According to the statement of claim the 1st Defendant had forged some cheques and money was drawn from the said Trust Account. The
Plaintiff is seeking a declaration that the 2nd Defendant was not entitled to debit the Plaintiff's Trust Account for a sum of $81,638.19
and also for payment of sum of $41,771.43 as monies owing by the Defendants to the Plaintiff. The 2nd Defendant filed the present
application for strike out of the claim against the 2nd Defendant on the basis that there was no reasonable cause of action disclosed
against the 2nd Defendant in the statement of claim. The action is based on unauthorized payments for the forged cheques and there
is a reasonable cause of action disclosed in terms of Section 24 of the Bills of Exchange Act.
- ANALYSIS
- The Plaintiff had indicated that there was no reasonable cause of action disclosed in the statement of claim. The 1st Defendant allegedly
forged the cheques drawn from the Trust Account of the Plaintiff's law firm and the 2nd Defendant being the banker to the said Trust
Account had honoured the said forged cheques. In the statement of claim at paragraph 3 the status of the 2nd Defendant is described,
but apart from this there is only one paragraph that mention of 2nd Defendant in the statement of claim and it states as follows;
'8. The Second Defendant debited the Trust Account of the Plaintiff of a total amount of $81,638.19 in respect of the above particularized
cheques.'
- In the circumstances the Plaintiff is not specifically making a claim against the 2nd Defendant however, in the following paragraph
though 2nd Defendant is not specifically mentioned it is implied that the cause of action is based on unauthorized payments to the
said cheques and the paragraph 9 of the statement of claim states as follows
'9. The Plaintiff did not draw the said cheques or authorize the drawing thereof and the Plaintiff's signature thereon was forged
by the First Defendant. In the premises, the Defendant had no authority to pay the said cheque.'(emphasis added)
- No specific mention of 2nd Defendant in the above paragraph 9 of the statement of claim, but it can be inferred that Plaintiff is
alleging that 2nd Defendant had no authority to pay the said forged cheques.
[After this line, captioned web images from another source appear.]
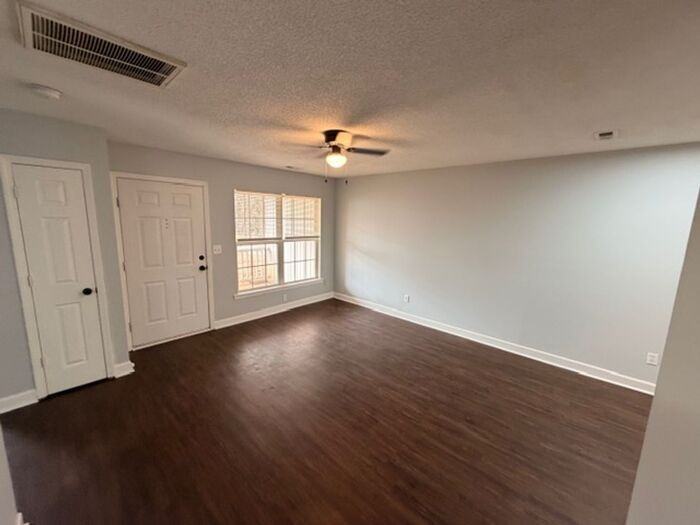 940 Wildwood Ln #940 - Photo 4 of 30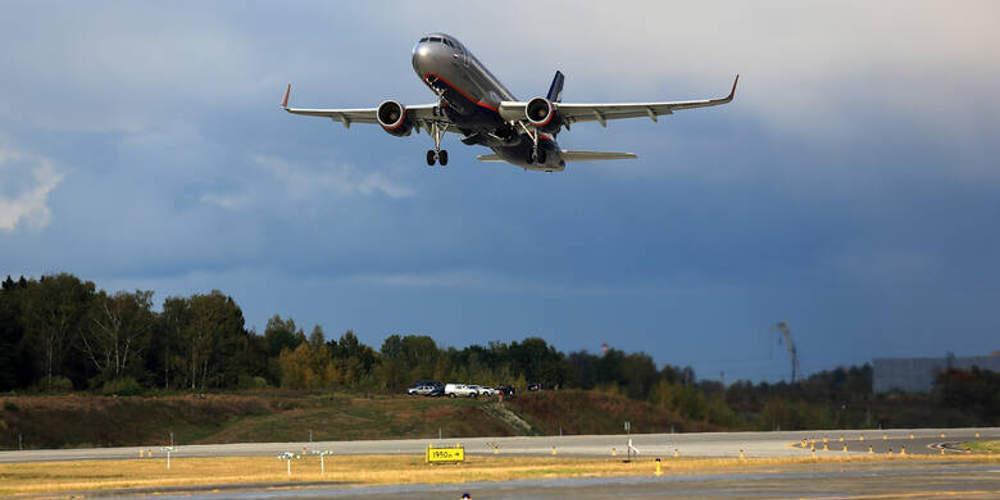 Επιστρέφει στην Αθήνα αεροπλάνο λόγω ισχυρών ανέμων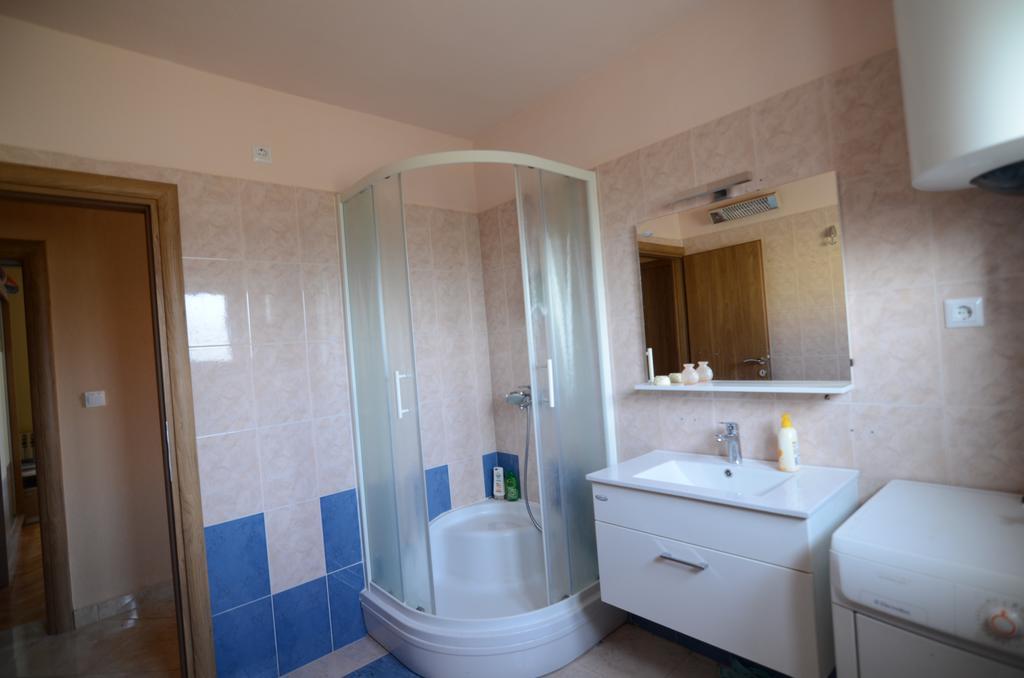Apartment Emi Sukošan Extérieur photo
This needs to be stated clearly and can be done so by
an amendment and even without it the inference is clear. When this application for strike out was filed the Plaintiff would have
seen the deficiency of the statement of claim. The defect was clear and obvious and minor insertion could cure the defect by reference
to the 2nd Defendant directly instead of leaving it for inference, but the main objection of the 2nd Defendant was not this omission,
and they allege that there is no cause of action disclosed against the 2nd Defendant.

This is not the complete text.